8. Il ressort des pièces du dossier et notamment du certificat médical établi le 18 octobre 2024 par une praticienne de ce service que la requérante a été hospitalisée du 10 au 14 juin 2024 afin de l’équiper d’une pompe à insuline avec option « basale IQ intelligence artificielle » destinée à équilibrer son diabète. Ce certificat indique que ce traitement avec pompe à insuline et système basale IQ est nécessaire pour prévenir des hypoglycémies éventuelles non ressenties par l’intéressée et qu’il n’existe pas dans son pays d’origine. Mme A… produit par ailleurs une ordonnance établie le 18 novembre 2024 par un médecin marocain indiquant que ce dispositif n’existe pas au Maroc. Cependant, pour contester l’appréciation portée par le préfet, la requérante n’établit pas davantage en appel qu’en première instance, au moyen de la production des certificats médicaux susmentionnés, rédigés en termes généraux et non circonstanciés, qu’elle ne pourrait pas bénéficier d’une prise en charge appropriée à son état de santé dans son pays d’origine, en l’absence de toute indication sur l’impossibilité d’un traitement alternatif adapté, même moins efficace, et alors que le certificat médical du 18 octobre 2024 précise que le traitement repose uniquement sur la prise d’insuline et que la requérante n’a pas d’autre traitement. Par suite, le moyen tiré de l’erreur d’appréciation et de la méconnaissance de l’article L. 425-9 du code de l’entrée et du séjour des étrangers et du droit d’asile doit être écarté.

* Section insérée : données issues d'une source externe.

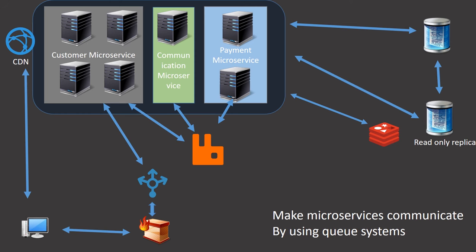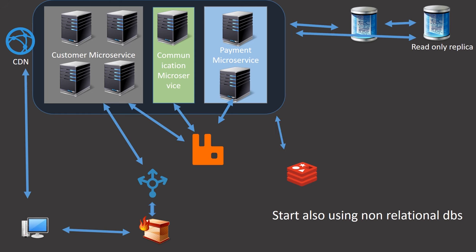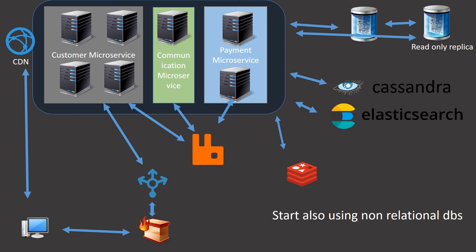10. Start using non-relational databases like Cassandra or Elasticsearch depending on business needs.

9. Il résulte de tout ce qui précède que la requête de Mme A… est manifestement dépourvue de fondement. Elle doit dès lors être rejetée en application des dispositions précitées de l’article R. 222-1 du code de justice administrative en toutes ses conclusions, y compris celles aux fins d’injonction sous astreinte et celles présentées au titre des frais d’instance.
O R D O N N E :
Article 1er : La requête de Mme A… est rejetée.
Article 2 : La présente ordonnance sera notifiée à Mme B… A….
Copie en sera adressée au préfet de police.
Fait à Paris, le 20 novembre 2025.
Le président de la 9ème chambre,
S. CARRERE
La République mande et ordonne au ministre de l’intérieur en ce qui le concerne ou à tous commissaires de justice à ce requis en ce qui concerne les voies de droit commun contre les parties privées, de pourvoir à l’exécution de la présente décision.